[erlang-questions] Support for newcomers and the popularity of Erlang

Ulf Wiger ulf@REDACTED
Mon Mar 19 18:54:35 CET 2012


On 19 Mar 2012, at 18:42, Wojciech Knapik wrote:

> 
> 
> On Mon, Mar 19, 2012 at 6:08 PM, Jesse Gumm <gumm@REDACTED> wrote:
> Have you looked into riak for distributed, master-less data replication?
> 
> 
> From what I've read on github, I can't tell what the benefits would be and I was hoping to familiarize myself with mnesia.
> 
> Would riak be a better fit ?  


It depends much on your access patterns.

Mnesia offers transaction consistency, meaning that you can run fairly complex update transactions and let mnesia worry about consistency across your data set. This is a wonderful feature, but it tends to become troublesome in very large clusters, since the increasing cost of ensuring consistency puts a limit on scalability, and netsplits become increasingly likely as your clusters go. Netsplits and transaction consistency make poor bedfellows.

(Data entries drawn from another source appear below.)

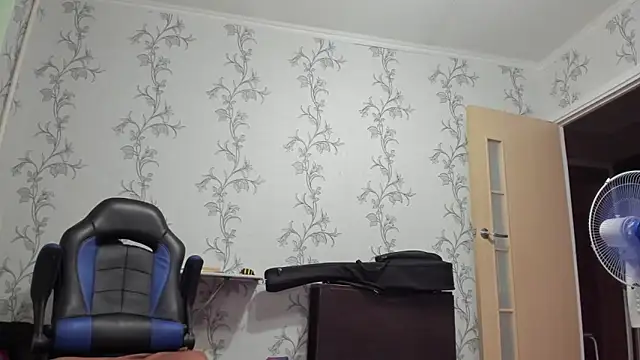 SanFrantsisko Adlı Modelin Canlı XXX Sohbeti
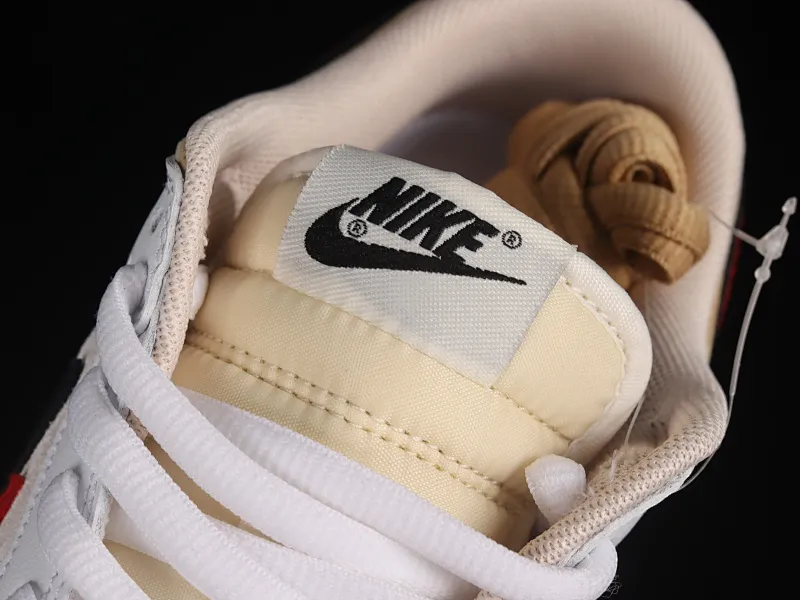 All categories Nk SB Dunk Series Nk SB Dunk Low low-top sneakers Otomo Katsuhiro x Nk SB Dunk Low "Steamboy OST" Otomo Katsuhiro co-branded double hook SB low-top sports and leisure sneakers CT2552-288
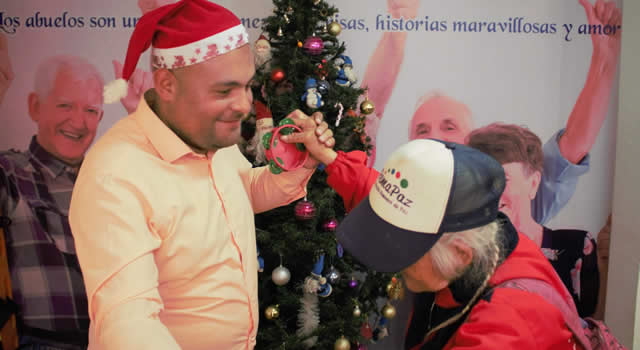 Celebran Novena de Aguinaldos a abuelitos en Soacha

Riak is a key-value database with no transaction concept whatsoever (although individual writes are of course atomic). Thus, if you have concurrent read-write patterns against the same data, you will find the results …arm, interesting for any but the simplest of update patterns.

(See e.g. http://www.infoq.com/presentations/Eventually-Consistent-HTTP-with-Statebox-and-Riak for an example of roughly how far you can push concurrent updates in riak. It should also give you an idea of how riak works.)

OTOH, if all you do is simple get/put, and you need high throughput and excellent fault tolerance, riak will let you scale to levels way beyond what any sane person would attempt with mnesia.